Get a home inspection and appraisal

After that patience pays off and your offer is accepted, it’s almost time to celebrate — but not quite. You still need to take a much closer look at the property by hiring a professional home inspector to inspect every detail of the home. It will cost a few hundred bucks, but this is an expense you shouldn’t skimp on.

While the home inspection is optional and at your discretion, a home appraisal will be required by your lender. It’s a step that every lender takes to make sure the property is indeed worth the money they are letting you borrow to buy it.
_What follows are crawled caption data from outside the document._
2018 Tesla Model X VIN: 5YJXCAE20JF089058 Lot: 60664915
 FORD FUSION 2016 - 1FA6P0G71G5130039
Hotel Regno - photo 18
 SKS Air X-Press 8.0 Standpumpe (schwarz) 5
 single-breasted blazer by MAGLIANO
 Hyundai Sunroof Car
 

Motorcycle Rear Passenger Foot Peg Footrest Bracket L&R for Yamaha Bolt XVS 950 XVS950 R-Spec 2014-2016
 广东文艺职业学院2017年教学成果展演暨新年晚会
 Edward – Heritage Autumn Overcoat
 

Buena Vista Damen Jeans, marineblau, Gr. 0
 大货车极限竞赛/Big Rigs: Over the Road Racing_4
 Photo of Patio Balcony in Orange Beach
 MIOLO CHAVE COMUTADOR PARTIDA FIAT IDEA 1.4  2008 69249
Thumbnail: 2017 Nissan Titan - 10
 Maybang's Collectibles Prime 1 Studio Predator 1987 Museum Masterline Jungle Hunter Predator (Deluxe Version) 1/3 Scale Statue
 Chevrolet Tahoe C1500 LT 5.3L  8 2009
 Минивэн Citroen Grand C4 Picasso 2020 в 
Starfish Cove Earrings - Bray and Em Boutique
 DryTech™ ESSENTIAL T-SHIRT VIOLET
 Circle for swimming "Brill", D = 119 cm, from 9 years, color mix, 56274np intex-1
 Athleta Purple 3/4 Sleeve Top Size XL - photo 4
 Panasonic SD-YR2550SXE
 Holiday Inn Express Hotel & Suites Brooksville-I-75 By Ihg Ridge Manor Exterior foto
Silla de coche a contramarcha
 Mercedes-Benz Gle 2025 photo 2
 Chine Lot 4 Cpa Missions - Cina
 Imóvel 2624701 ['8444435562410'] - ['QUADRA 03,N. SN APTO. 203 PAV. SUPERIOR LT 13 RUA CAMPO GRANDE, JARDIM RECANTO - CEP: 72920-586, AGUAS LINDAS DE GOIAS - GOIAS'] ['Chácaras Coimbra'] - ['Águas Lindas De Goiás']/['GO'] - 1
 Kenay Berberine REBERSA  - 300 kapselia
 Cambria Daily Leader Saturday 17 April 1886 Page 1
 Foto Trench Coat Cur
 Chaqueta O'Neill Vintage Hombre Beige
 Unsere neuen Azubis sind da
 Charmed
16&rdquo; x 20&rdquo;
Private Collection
Final walk-through and closing on your new Pennsylvania home

Before you head to the closing table, you’ll have one more opportunity to verify that the home is ready for you. Final walk-throughs are typically quick, but there’s plenty to confirm before you become the official owner. Make sure the seller has removed all their belongings, that no damage has occurred during their move-out and that the property is exactly as you expect it.

After that, it’s time to close. Your lender’s representative and your attorney will prepare you for this moment by telling you what you need to bring and how much money you need for the closing (which you’ll likely need to pay via a certified or cashier’s check). Then, you’ll sign your name on what feels like a novel’s worth of pages. Finally, the time is here: You are officially a Pennsylvania homeowner. Congratulations, the keys to the Keystone State are yours.